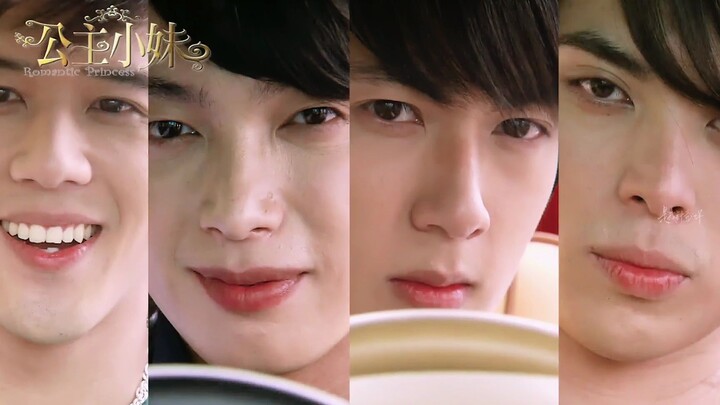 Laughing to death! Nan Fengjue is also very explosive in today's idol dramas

--------------------------------------------------

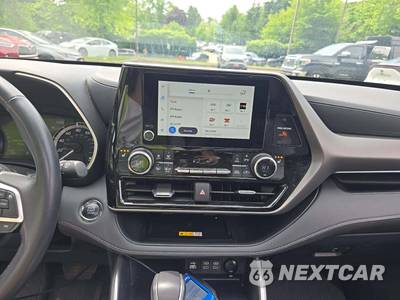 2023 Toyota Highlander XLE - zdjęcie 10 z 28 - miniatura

--------------------------------------------------

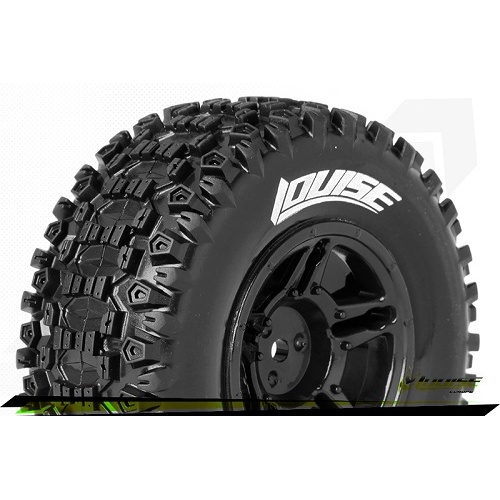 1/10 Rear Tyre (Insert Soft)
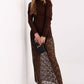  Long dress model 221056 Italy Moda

--------------------------------------------------

- About this exercise
Only one stretch of the listing is wanted: the lines starting at the one with "1/10 Rear Tyre (Insert Soft)" and ending at the one with "Long dress model 221056 Italy Moda", copied exactly and free of pictures.

- Solution below
 1/10 Rear Tyre (Insert Soft)
  Long dress model 221056 Italy Moda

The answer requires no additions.